> _Activity_
Reproduce from the records below, with no pictures, exactly the lines between the one containing "Official Eurovision Logo" and the one containing "Window Dressing Downloadable", inclusive.

> _Supplied information_

****

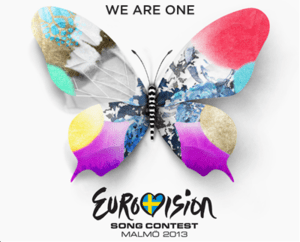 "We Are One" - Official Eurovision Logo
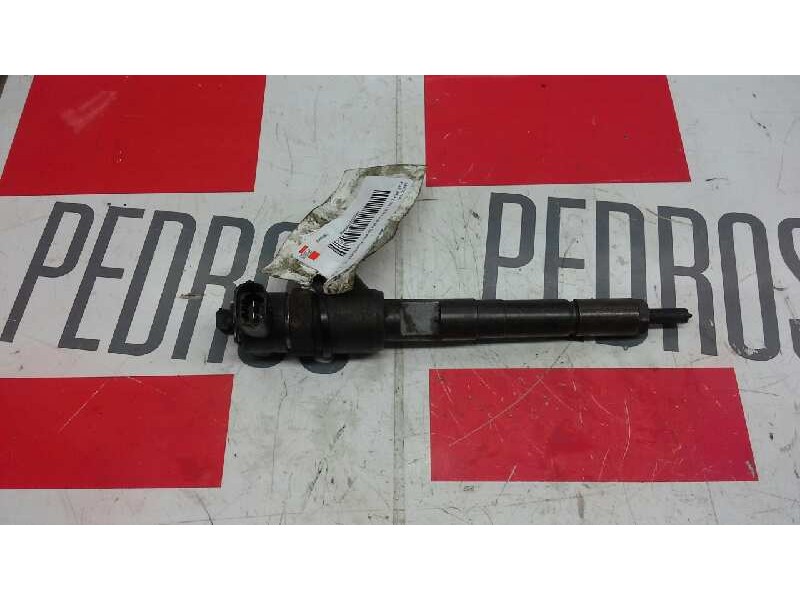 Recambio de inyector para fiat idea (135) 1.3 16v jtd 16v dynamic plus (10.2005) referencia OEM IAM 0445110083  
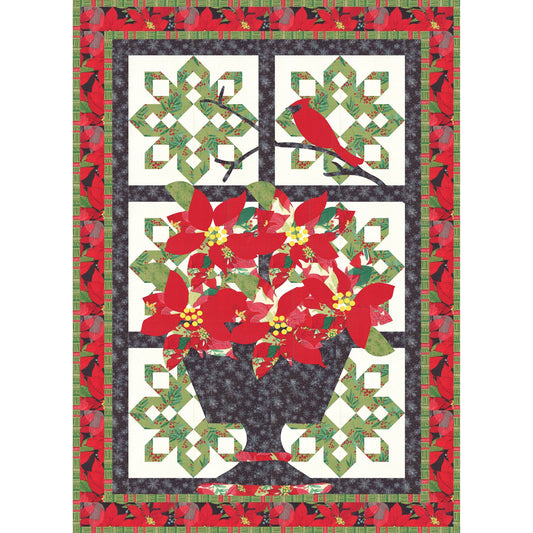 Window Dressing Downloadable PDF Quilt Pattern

****

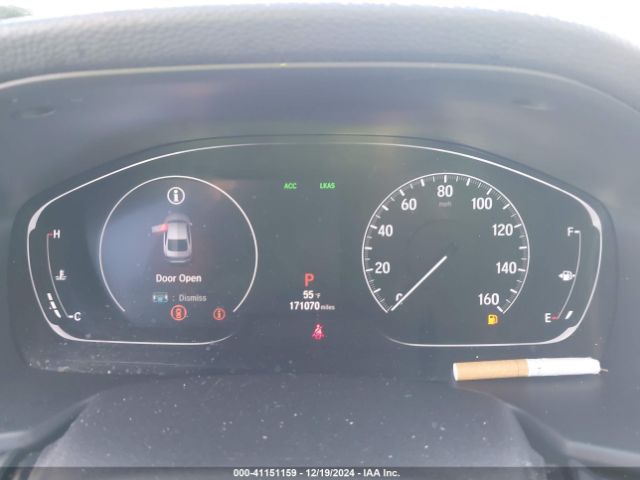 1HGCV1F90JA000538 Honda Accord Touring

****

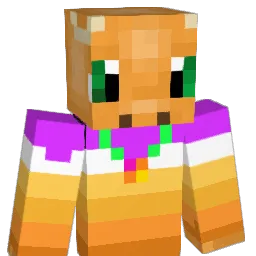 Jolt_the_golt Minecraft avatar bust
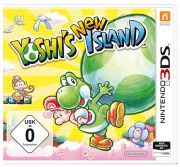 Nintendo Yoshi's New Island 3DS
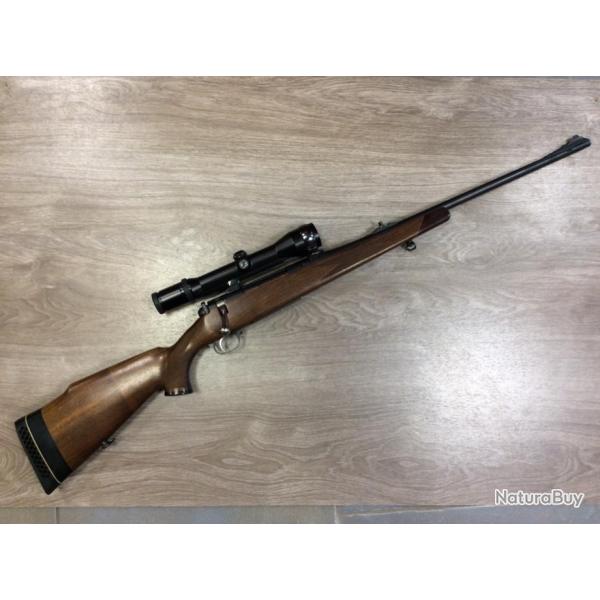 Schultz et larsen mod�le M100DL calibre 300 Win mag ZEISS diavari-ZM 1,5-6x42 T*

****

> _Task output_
 "We Are One" - Official Eurovision Logo
 Recambio de inyector para fiat idea (135) 1.3 16v jtd 16v dynamic plus (10.2005) referencia OEM IAM 0445110083  
 Window Dressing Downloadable PDF Quilt Pattern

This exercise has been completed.